The Internal Revenue Service (IRS) is trying something different. The government currently has a proposal listed on the Federal Business Opportunities website looking for a social media tool that allows IRS agents to find Americans who have dodged their tax liabilities.
Here's what the proposal says (emphasis mine):
Businesses and individuals increasingly use social media to advertise, promote, and sell products and services. For example, taxpayers can create "online stores" on social networking sites free of cost. Much of this information is unrestricted, allowing the public, businesses and various governmental agencies to discover taxpayers' locations and income sources.
But the IRS currently has no formal tool to access this public information, compile social media feeds, or search multiple social media sites. The IRS's hope is that a vendor-supplied tool would help expedite IRS case resolution for existing compliance cases, providing a more efficient way of identifying resources and assisting with the collection of known tax deficiencies, leading to increased collection of revenue involving unfiled tax returns and other tax liabilities.
The IRS emphasizes that this tool, if the agency decides to pursue the use of it, would be done to assist with previously identified tax compliance cases. The IRS respects taxpayer rights, and such a tool would not be used to search the internet or social media sites for purposes of identifying or initiating new tax audits. The IRS believes responsibly using publicly accessible information on the internet or social media sites can assist with previously identified tax cases. In addition, the IRS believes the tool can help it resolve troublesome instances related to tax-related identity theft, helping quickly identify honest taxpayers who have been victimized by identity thieves.
In addition to respecting taxpayer rights, the IRS will also be mindful that frequently information posted on social media and the internet may be wrong or misleading.
According to Marketplace, the IRS is known for mining data on people based on their social media posts.
"It appears from its public statements and some other reports, that it’s using data to piece together likely profiles or likely candidates for closer review," Behnam Dayanim, co-chair of the privacy and data practice at Paul Hastings, told Marketplace back in 2014.

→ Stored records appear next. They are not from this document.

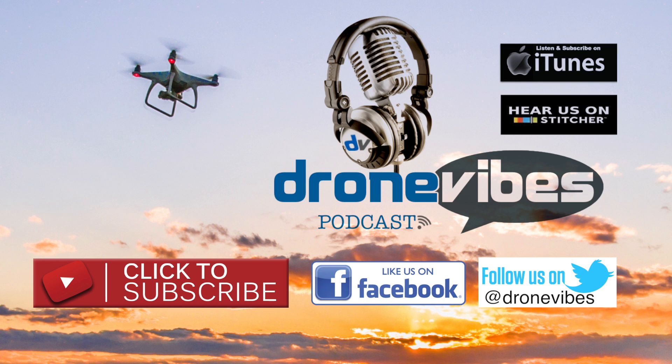You can also visit dronevibes.com for more drone news, reviews, and how-to's, and listen to the free Dronevibes podcast on iTunes and Stitcher.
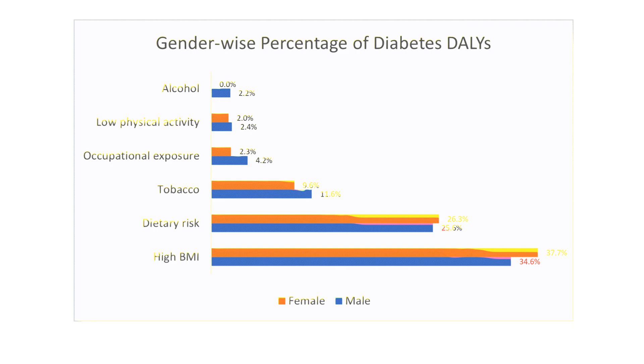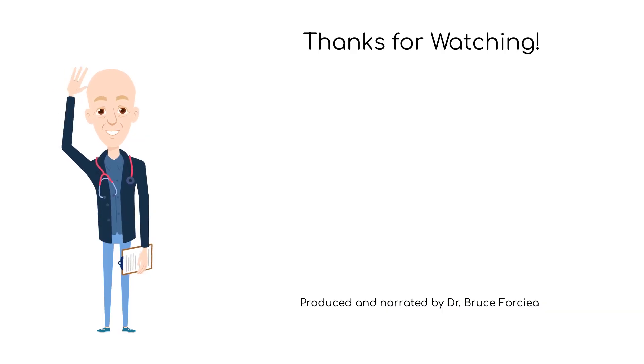Obesity and excess adipose tissue are associated with increased levels of pro-inflammatory cytokines, which can interfere with insulin signaling. Genetics and environmental factors can also play a role in the development of type 2 diabetes, with factors such as sedentary lifestyle, poor diet, and obesity further increasing this risk. I hope you have learned about diabetes mellitus, and see you next time!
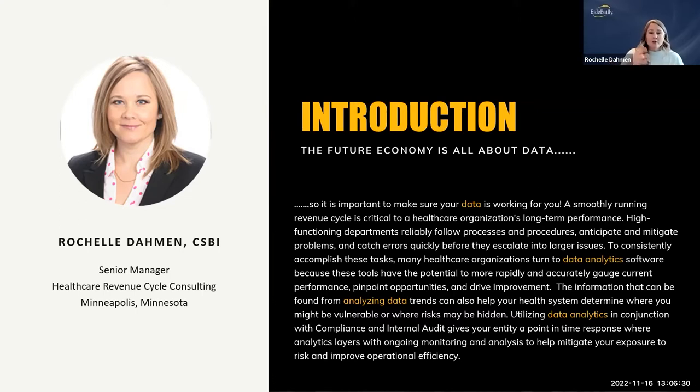Analytics is needing to become part of our compliance program. The future of the economy is all about data — data analytics, analyzing data. A smoothly running revenue cycle is critical to a healthcare organization's long-term performance. High-functioning departments reliably follow processes and procedures, anticipate and mitigate problems. This is where analytics come in: that anticipation of problems through predictive analytics, catching errors quickly before they escalate into larger issues.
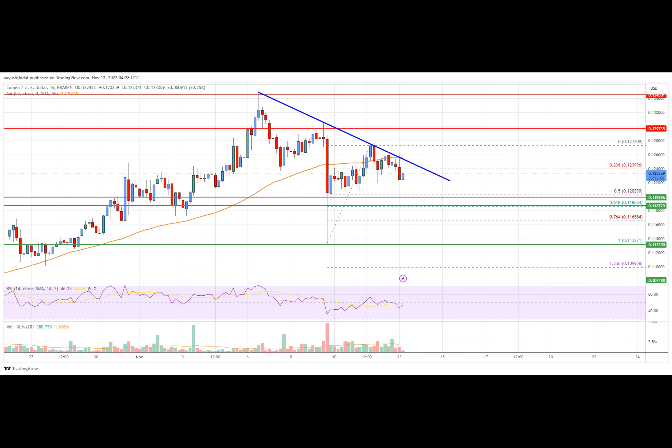XLM's price must stay above the $0.1185 support to rise again. After forming a base, Stellar Lumen price started a fresh increase against the U.S. dollar. The XLM-USD pair broke above $0.120 into positive territory. The price even cleared the $0.125 resistance and the 55 simple moving average on the four-hour chart. The upward move was such that the price spiked to $0.130 before it corrected lower, with a drop below the $0.125 support level.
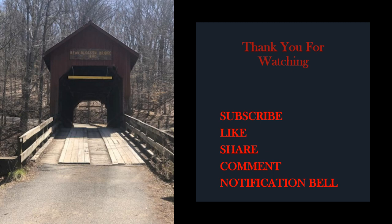Show your support by subscribing, liking, sharing, commenting, and hitting the notification bell so that you will be notified when the next Hoosier History, Legends, and Heroes video is uploaded.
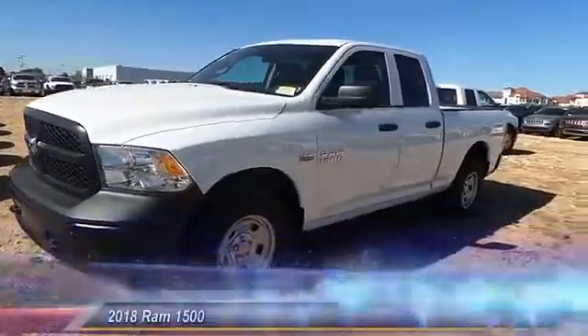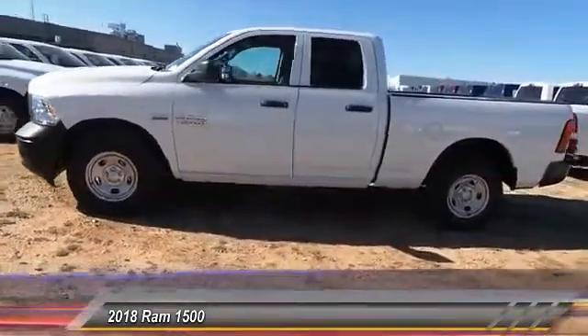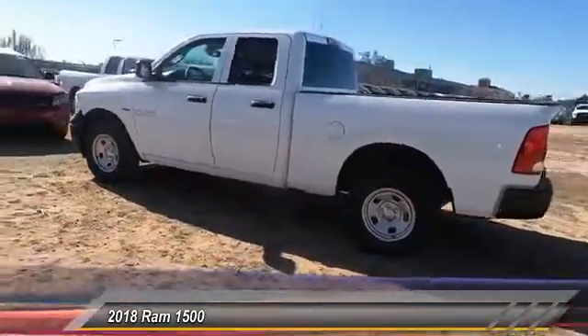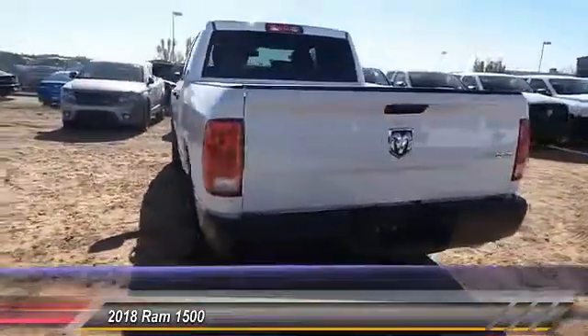The 2018 Ram 1500 went against the Chevrolet Silverado, Ford F-150, and Toyota Tundra, which are all excellent trucks in their own right. The Ram took home the prize for its well-rounded strength and is priced below $40,000. This vehicle has less than 100 miles.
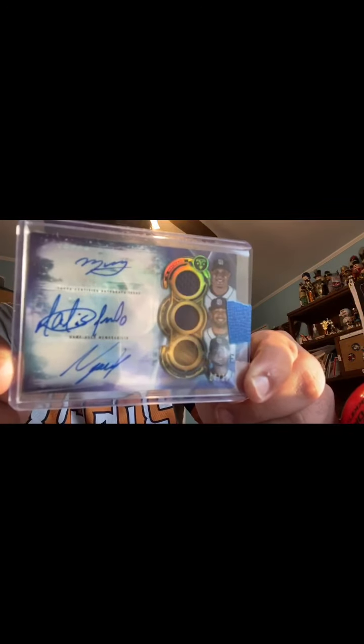Those are my first ever Topps Triple Threads unboxing and I am stoked about these. I will be doing another YouTube video coming out tonight, probably later tonight, just gotta check on some stuff. Thank you guys for watching, as always — love you guys, peace, God bless and stay safe, wash your hands, peace.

Now the million dollar question: how do we know that the IRS will use this tool only to find out more information on those cases that they've already decided to intervene on? How do we know that they aren't going to use this technology to spy on the average citizen as a means of coming up with new targets to audit?
The truth is, we don't.
We have absolutely no way of knowing that the IRS will use the technology the way they say they can. And that's why our New Year's resolution should be to post a little less on social media and leave a little more to the imagination.